United States District Court, M.D. Tennessee, Nashville Division

January 18, 2018

KERSHAWN GLOBE, Petitioner,
v.
UNITED STATES OF AMERICA, Respondent.

          ORDER DENYING MOTION TO VACATE SENTENCE

          DAVID M. LAWSON UNITED STATES DISTRICT JUDGE

         Petitioner Kershawn Globe was sentenced on October 16, 2015 to a prison term of 300 months after he pleaded guilty to armed bank robbery, 18 U.S.C. § 2113(a), (d), and brandishing a firearm during and in relation to a crime of violence, 18 U.S.C. § 924(c). On October 20, 2016, he filed a motion to vacate his sentence under 28 U.S.C. § 2255 in which he argues that the crime of bank robbery no longer qualifies as a “crime of violence, ” as that term is defined in section 924(c), because the language of the statutory definition is unconstitutionally vague under the holding of Johnson v. United States, ___U.S.___, 135 S.Ct. 2551 (2015), in which the Supreme Court held that a similar phrase in the Armed Career Criminal Act (ACCA) - which defined a violent felony as a crime that “involves conduct that presents a serious potential risk of physical injury to another, ” 18 U.S.C. § 924(e)(2)(B)(ii), known as the “residual clause” - was unconstitutionally vague, and therefore “an increased sentence under the residual clause of the Armed Career Criminal Act (ACCA) violates the Constitution's guarantee of due process.” Johnson, 135 S.Ct. at 2555-56. Globe also contends that his trial attorney was ineffective by failing to object to the unconstitutional application of section 924(c) before he pleaded guilty, and by failing to file a notice of appeal raising the Johnson issue after he entered his plea. The Court has reviewed the petition and the government's response and now finds that all of the claims raised are without merit. The motion therefore will be denied.

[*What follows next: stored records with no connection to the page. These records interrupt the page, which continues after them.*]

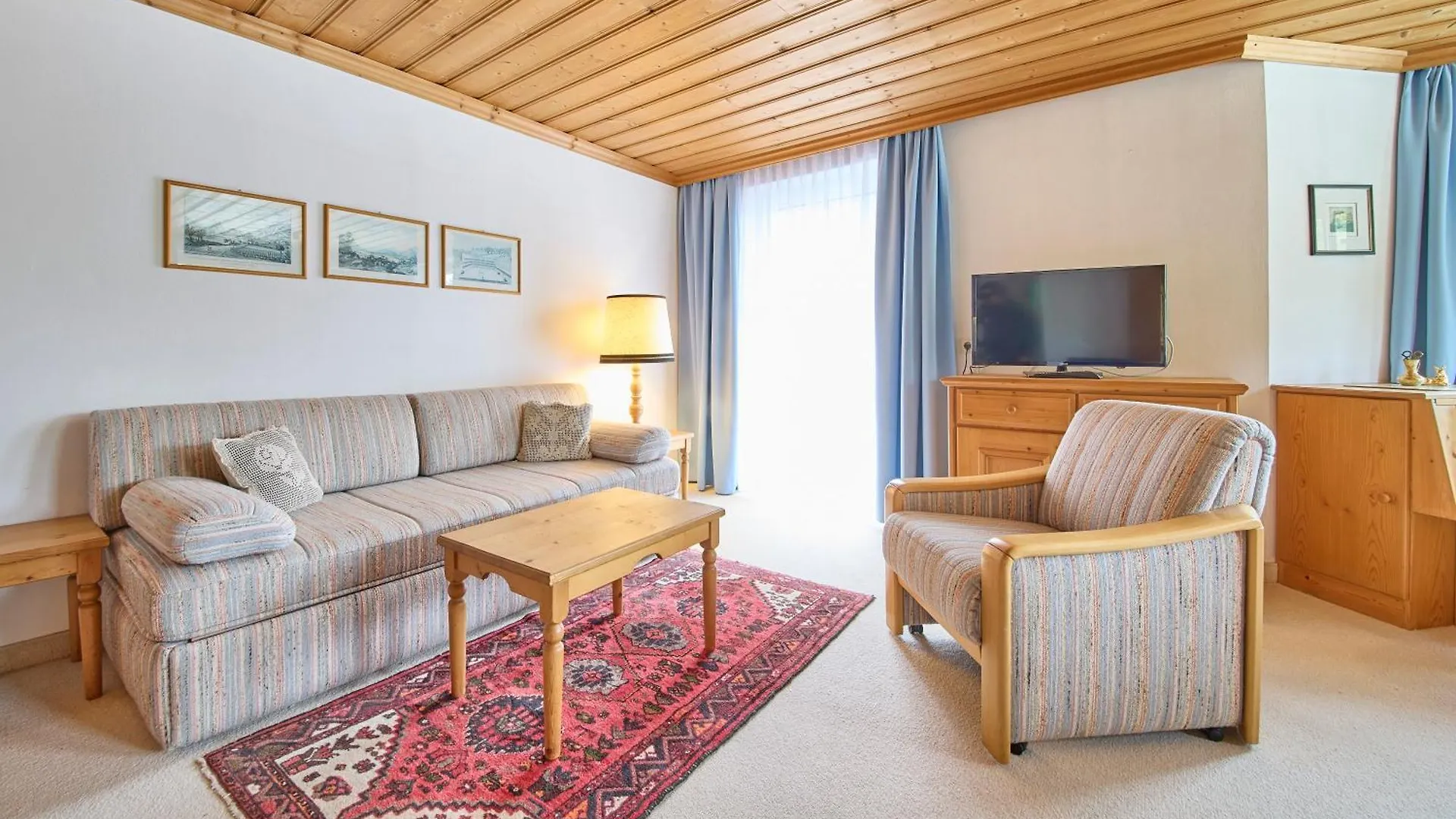 Apartment Appartements Bernhofer Saalbach-Hinterglemm Austria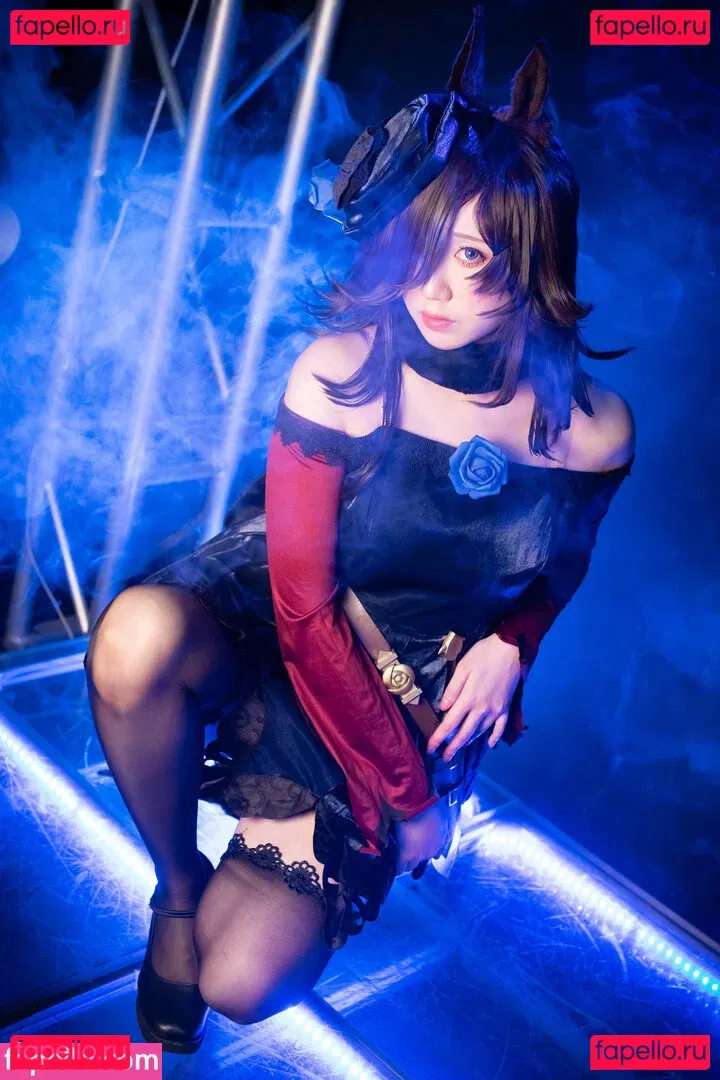 ribaibucosplay Onlyfans Photo Gallery 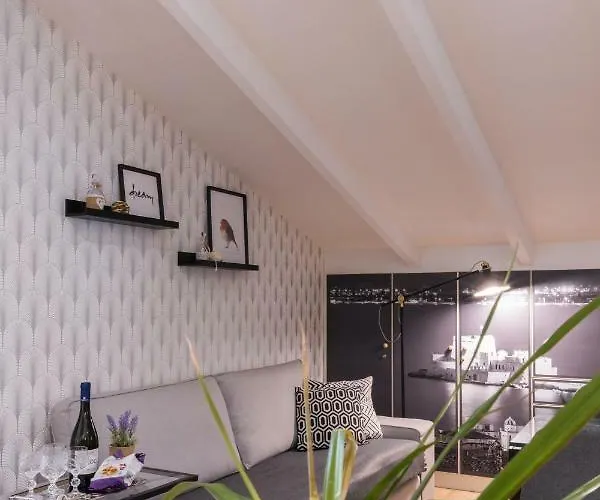 Vida Residential * Nafplion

         A federal prisoner challenging his sentence under section 2255 must show that the sentence “was imposed in violation of the Constitution or laws of the United States, ” the sentencing court lacked jurisdiction, the sentence exceeds the maximum penalty allowed by law, or it “is otherwise subject to collateral attack.” 28 U.S.C. § 2255(a). “A prisoner seeking relief under 28 U.S.C. § 2255 must allege either: ‘(1) an error of constitutional magnitude; (2) a sentence imposed outside the statutory limits; or (3) an error of fact or law that was so fundamental as to render the entire proceeding invalid.'” Short v. United States, 471 F.3d 686, 691 (6th Cir. 2006) (quoting Mallett v. United States, 334 F.3d 491, 496-97 (6th Cir. 2003)).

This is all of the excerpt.